May the words of my mouth and the meditations of my heart be right and acceptable in thy sight, O Lord, my strength and Redeemer.

“Come, thou long expected Jesus, born to set thy people free; from our fears and sins release us; till we find our rest in thee.” This morning there is good news and there is hard, demanding news. The good news is that Jesus has come. God took on human flesh and dwelled among us. Our sins have been atoned—the power of his act on the cross—and our death has been overcome in the Resurrection. We are free. The hard, demanding news is, however, that our fears still, even almost 2,000 years later, override our freedom.

The theme chosen by Dean Baxter for the Advent preaching in 1997, in this great Cathedral church, is “Waiting for God.” I am pleased and honored, Dean Baxter, that you have asked me to preach on this second Sunday of Advent, the Sunday when we hear the Lukan account of John the Baptizer, the prophet of the wilderness who came proclaiming the ancient words of the prophet Isaiah, “Prepare the way of the Lord, make his path straight.” Baruch in the reading from the Appocrypha, also echoes the one whom we call the second Isaiah: “Make level ground so Israel may walk safely in the glory of God.” Straight and level are not words about finding the center or seeking moderation or working toward a compromise. Straight and level are words of justice, of equality. So John comes saying that all flesh shall see the salvation of God.
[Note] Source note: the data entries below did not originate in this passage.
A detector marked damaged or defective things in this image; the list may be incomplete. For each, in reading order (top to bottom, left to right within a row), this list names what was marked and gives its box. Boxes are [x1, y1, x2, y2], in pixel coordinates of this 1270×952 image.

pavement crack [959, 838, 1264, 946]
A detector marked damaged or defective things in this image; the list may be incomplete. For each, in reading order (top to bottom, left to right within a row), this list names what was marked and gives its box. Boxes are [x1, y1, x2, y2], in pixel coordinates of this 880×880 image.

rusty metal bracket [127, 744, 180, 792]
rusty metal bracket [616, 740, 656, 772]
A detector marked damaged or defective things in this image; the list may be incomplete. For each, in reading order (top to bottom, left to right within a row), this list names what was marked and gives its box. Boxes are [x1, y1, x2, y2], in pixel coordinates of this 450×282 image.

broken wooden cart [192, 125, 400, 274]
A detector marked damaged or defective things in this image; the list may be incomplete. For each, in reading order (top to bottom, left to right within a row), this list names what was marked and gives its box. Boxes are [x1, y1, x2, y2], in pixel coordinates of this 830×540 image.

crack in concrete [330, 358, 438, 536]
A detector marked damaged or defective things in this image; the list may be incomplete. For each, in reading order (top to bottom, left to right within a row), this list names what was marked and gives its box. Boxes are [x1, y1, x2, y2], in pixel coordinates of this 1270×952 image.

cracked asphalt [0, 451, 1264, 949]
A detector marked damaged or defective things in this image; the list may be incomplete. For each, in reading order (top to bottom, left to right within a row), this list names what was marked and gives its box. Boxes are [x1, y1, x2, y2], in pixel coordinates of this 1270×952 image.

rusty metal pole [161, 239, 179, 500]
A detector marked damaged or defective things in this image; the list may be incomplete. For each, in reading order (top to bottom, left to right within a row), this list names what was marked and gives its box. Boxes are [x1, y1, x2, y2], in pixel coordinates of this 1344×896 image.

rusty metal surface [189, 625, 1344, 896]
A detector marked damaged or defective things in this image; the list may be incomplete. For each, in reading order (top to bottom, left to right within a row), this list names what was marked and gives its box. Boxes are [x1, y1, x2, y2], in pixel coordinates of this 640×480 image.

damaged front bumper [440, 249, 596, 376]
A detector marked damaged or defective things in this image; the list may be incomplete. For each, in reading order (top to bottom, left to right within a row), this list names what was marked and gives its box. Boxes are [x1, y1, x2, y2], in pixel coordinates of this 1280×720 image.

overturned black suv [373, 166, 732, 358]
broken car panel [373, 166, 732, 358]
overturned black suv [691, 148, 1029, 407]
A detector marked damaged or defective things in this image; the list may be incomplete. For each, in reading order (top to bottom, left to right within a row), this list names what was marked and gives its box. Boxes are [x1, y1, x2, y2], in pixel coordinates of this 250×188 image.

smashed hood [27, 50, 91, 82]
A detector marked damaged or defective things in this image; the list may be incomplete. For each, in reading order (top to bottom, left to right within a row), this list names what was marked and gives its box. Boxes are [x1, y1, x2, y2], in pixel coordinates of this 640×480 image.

I say this morning that waiting for the justice of God is a dangerous thing. The epistle appointed for this Sunday raises that very concern. Paul is writing to the young church in Philippi. The Scripture tells us that he is in prison and that he is writing to encourage those who are in Philippi to do the good works that will produce the harvest of righteousness. As Christians, we know that righteousness means being in a right relationship with God. The people at Philippi, like those in the church in Thessalonica, were concerned about waiting for what they were calling the second coming of Jesus.; the return. Paul calls this time of the return the day of Jesus Christ. How should they be in those churches? What should they be doing? How should their lives be as a new church? They were concerned that things were not going well. They were concerned that there were those who were, in fact, dying, and they expected Jesus to come again before their deaths. So, their anxiety was enough for Paul to write to them about getting on with doing those things that needed doing, about bringing in the harvest of righteousness.

We, too, are anxious in our waiting. Our fears overtake us as we keep hoping and praying for the day of Christ. And our fears cause us to do things that make us, at times, almost crazy. The late Cardinal Joseph Bernadine, the Roman Catholic Bishop of Chicago, talks about some of the dangers that happen in the human condition when we are in this state: “the tendency towards self-centeredness and the escape from the difficulties of life, both of these are very popular today, and both of these always distort the Gospel, the good news of God in Christ.

In our waiting we are becoming more and more focused on ourselves as individuals, as a church, as a city, as a nation and, indeed, as a world. We are afraid the others, whoever and whatever the other may be. Men and women are always afraid of one another. Those of us who are white are afraid of those whose skins are a different color from our own. God knows those whose skins are a different color from white have been persecuted by those like me, so that fear is present in those relationships. Rich and poor are afraid of one another. Those of use who have more degrees are afraid of those who do not. And on and on it goes. Whatever the difference may be among us, you and I know who the other is. And we are driven by this fear to more and more security systems, whether they be in our homes, in prisons or in weapons of war.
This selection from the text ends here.